When designing a website, it’s important to make sure that the size of images are relative to the dimensions of the screen being used; doing so can mean that websites load faster, while also cutting down problems with resolution and images loading in too large a format for users. To make these jumps in filesize relative to different screen dimensions, it’s important to consider the resolution and pixel density for individual images, as well as how reducing image size and using CSS media queries can help you with your custom website development.
Loading pages with images that haven’t been optimized can cause problems if the size given for an image isn’t suitable for the size of the screen being used. If there are no maximum heights or widths set within the code for a site, pages can end up with images that are either too slow to load, or that end up being stretched across a page. In this context, it’s important to pay attention to image size specifications, and ways for enabling different browsers and devices to recognize what size an image should be.
The first approach you can take to ensure that an image is the right size and resolution for average screen sizes is to edit down larger formats in picture editors such as Photoshop and other applications. Having an optimized image means that a page will load faster; you can also choose to add attributes to an image that will preserve aspect ratios when resized, which will prevent distortion and enables your site to look proportionate.

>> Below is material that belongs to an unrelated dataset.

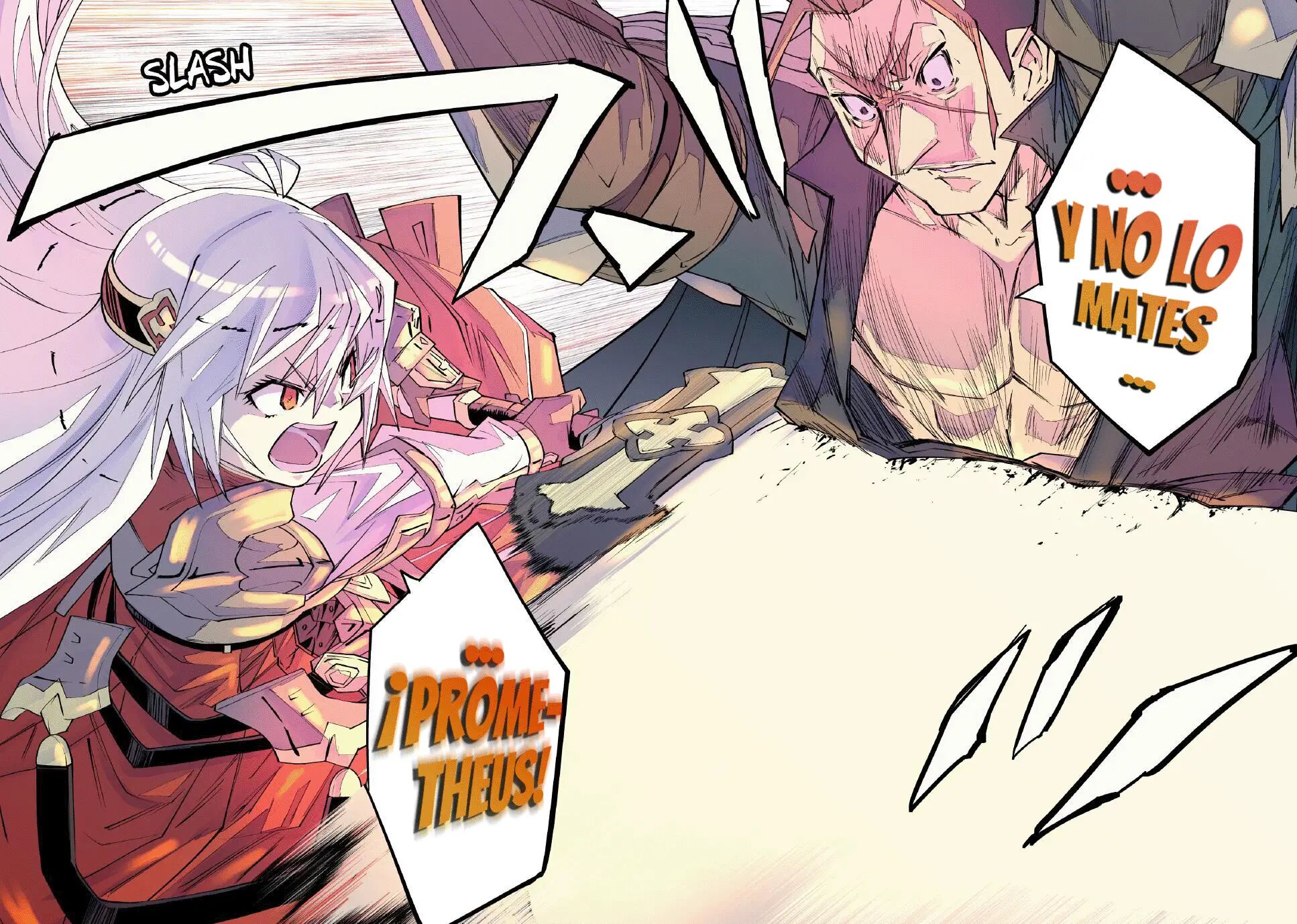 Read GACHA INFINITO Manga Online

Selecting the right image format for different screen sizes and dimensions is also important. Gif files made up of grids of pixels are among the most common options that you can take, as are .jpegs, which are more common for photographs and images with a lot of colors. You can also .png files that can handle larger amounts of color, while still being compressible. When adding images to your website, you can set basic and alternative size types for browsers to recommend, which can enable different amounts of space to be allocated on a screen.
Some internet browsers will automatically resize an image to the size of the screen being used, but will compress some images, with a risk existing for distortion. The automatic resizing of photos on the side of an external server means that you lose control over specifying exactly how you want an image to appear on your site, and can result in a loss of resolution when viewed live.
Another approach that you can take to resizing image files for different screen sizes involves using media queries in CSS and aspects of responsive design; in this context, media queries will resize parts of a page to meet the demands of different media and screen sizes, with maximum heights and widths set. As a result, browsers should be able to recognize when a page is being viewed on a particular screen.
Background images for websites can also be set with specific sizes and pixel ratios that will reproduce the same effects across different devices. For foreground images, it can also be possible to use Scalable Vector Graphics when programming a page and setting up its attributes. SVG is a particularly useful approach to take, as it will convert graphics in an XML format, allowing for zooming and resizing without a substantial loss of quality.
Adding in this flexibility for images on different screens means that browsers don’t have to work as hard to load pages that have particularly large images, reducing the bandwidth that you need to use; doing so means that you’re more likely to have a smooth user experience, and that you can make your website appear consistent on a wider range of different devices.